[Resolved] Configuration setting to be applied Tuesday to resolve GPFS lagginess
Update, 7/30/2020: We have identified, and tested, a configuration setting that decreases the time it takes to resolve user and group names by an order of magnitude. According to the vendor we can apply the new configuration without downtime.
We plan on performing this configuration update after hours next Tuesday, Aug 4th.
This new configuration addresses the most widely reported latency issue (i.e. delay in resolving users and groups). This is an issue exclusive to those using VUNetID credentials to access their data. We continue to investigate another issue related to delays with I/O operations and will post updates once we have identified the cause.
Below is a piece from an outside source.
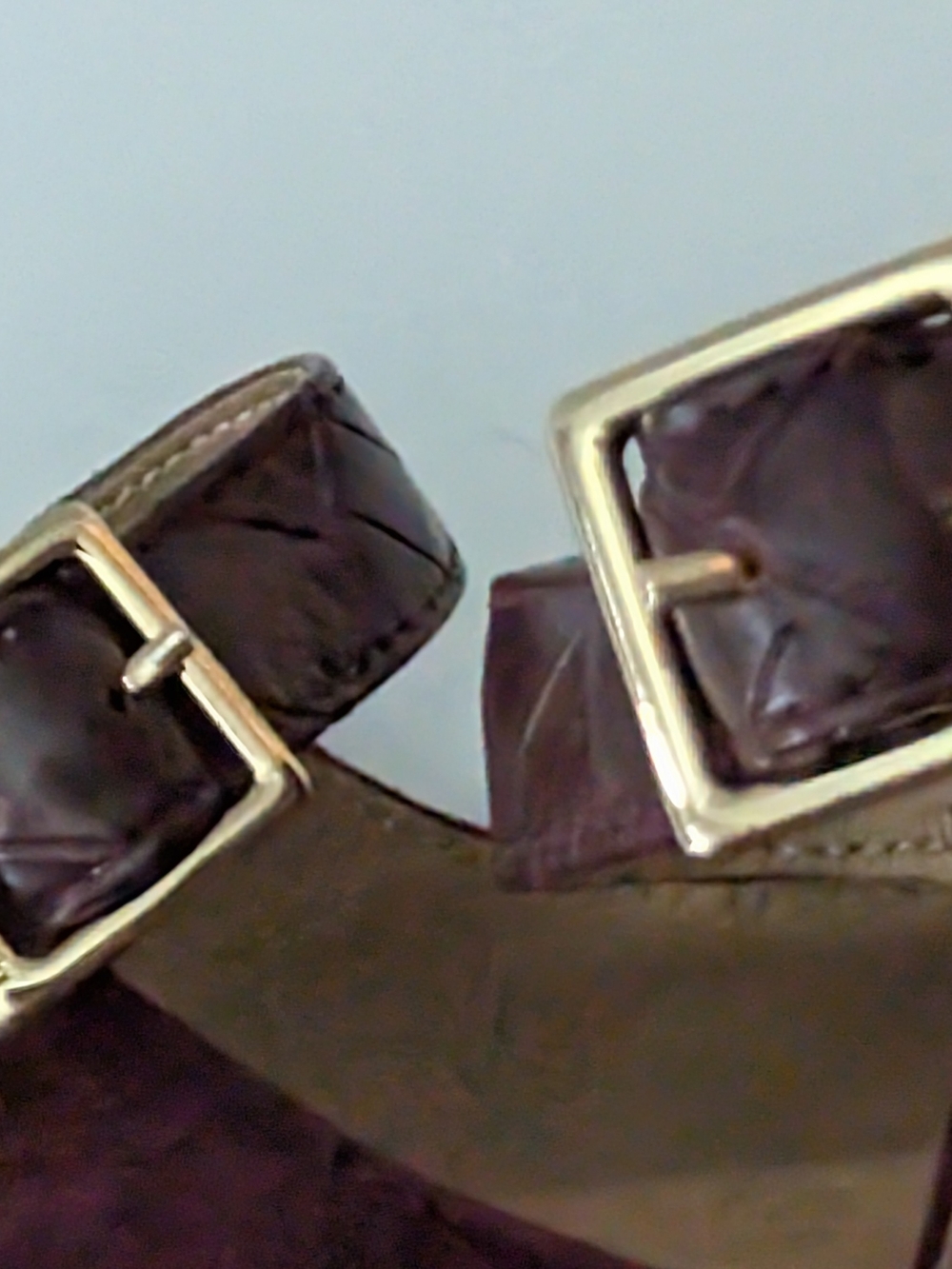 Giani Bernini Burgundy Suede Mary Jane Heels with Croc-Trim Strap Size 6M - Picture 12 of 12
There is an issue in one of our shared storage sub-systems that is causing considerable lag, with write operations sometimes taking up to 2 minutes. This seems to be isolated to the hardware hosting accounts migrated from DORS to ACCRE. We do not have reports of this affecting
/data. Our team has also determined that:
- this is experienced by both remote users and users in the cluster
- the lag is not caused by GPFS long-waiters (i.e. the most common cause of GPFS slow downs)
The next step is to identify which layer of the storage system is causing the bottleneck so that we can reproduce the issue on-demand. Currently we are working with the vendor on two other issues that are reproducible (related to permissions) and that are blocking active research. There is a chance that these are related issues and solving one will move us towards resolution on the others.